She met his look with her wide eyes. "But why not?" she said. "We love each other."

He turned from her, grinding the floor with his heel. "God help me to make myself intelligible!" he said.

It was the most forcible prayer she had ever heard. It struck through to her very soul. She stood motionless, but she felt crushed and numb.

Ranger walked to the end of the room and then came straight back to her.

"Look here!" he said. "This is the most damnable thing I've ever had to do. Let's get it over! He's a rotter and a blackguard. Can you grasp that? He hasn't lived a clean life all these years he's been away from you. He went wrong almost at the outset. He's the sort that always does go wrong. I've done my best for him. Anyhow, I've kept him going. But I can't make a decent man of him. No one can. He has lucid intervals, but they get shorter and shorter. Just at present—" he paused momentarily, then plunged on—"I told you last night he wasn't ill. That was a lie.
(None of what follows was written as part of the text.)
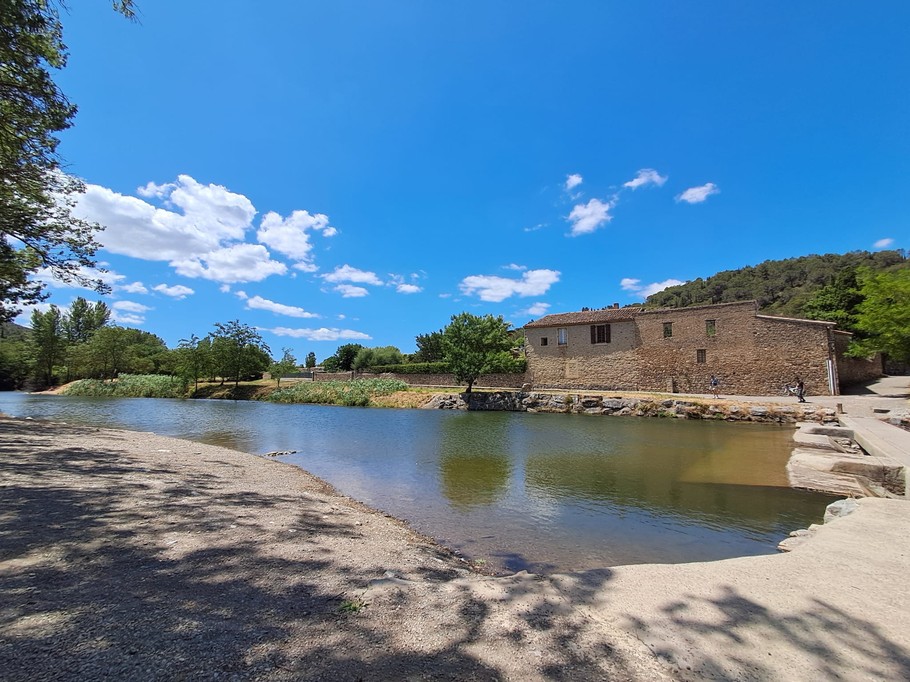 Baignade à Lagrasse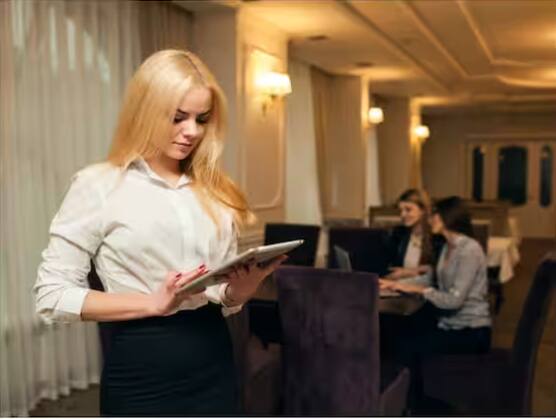 ਇਵੈਂਟ ਮੈਨੇਜਰ ਜਾਂ ਅਸਿਸਟੈਂਟ - ਇਵੈਂਟ ਅਸਿਸਟੈਂਟ ਦੀ ਅਜਿਹੀ ਨੌਕਰੀ ਹੁੰਦੀ ਹੈ, ਜਿਸ ਵਿਚ ਹਰ ਕੰਮ ਲਈ ਜਾਣਾ ਪੈਂਦਾ ਹੈ। ਕਈ ਵਾਰ ਇਸ ਵਿੱਚ ਜਾਣਾ ਪੈਂਦਾ ਹੈ ਅਤੇ ਪ੍ਰਤੀ ਦਿਨ ਚੰਗੇ ਪੈਸੇ ਪ੍ਰਾਪਤ ਹੁੰਦੇ ਹਨ। ਇਸ 'ਚ ਤੁਹਾਨੂੰ ਈਵੈਂਟ 'ਚ ਅਸਿਸਟੈਂਟ ਦੇ ਤੌਰ 'ਤੇ ਕੰਮ ਕਰਨਾ ਹੋਵੇਗਾ ਅਤੇ ਈਵੈਂਟ ਦੇ ਹਿਸਾਬ ਨਾਲ ਕੰਮ ਕਰਨ ਦੇ ਕਈ ਵਿਕਲਪ ਹਨ।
He is down with delirium tremens, and it isn't the first time."

"Ah!" Sylvia said. He had made her understand at last. She stood for a space staring at him, then with a groping movement she found and grasped the back of a chair. "Why—why did you lie to me?" she said.

"I did it for your sake," he answered briefly. "You couldn't have faced it then."

"I see," she said, and paused to collect herself. "And does he—does he realize that I am here?" she asked painfully. "Doesn't he—want to see me?"

"Just now," said Ranger grimly, "he is too busy thinking about his own troubles to worry about anyone else's. He does know you are coming. He was raving about it two nights ago. Then came your wire from Cape Town. That was what brought me here to meet you."

"I see," she said again. "You—you have been very good. It would have been dreadful if—if I had been stranded here alone."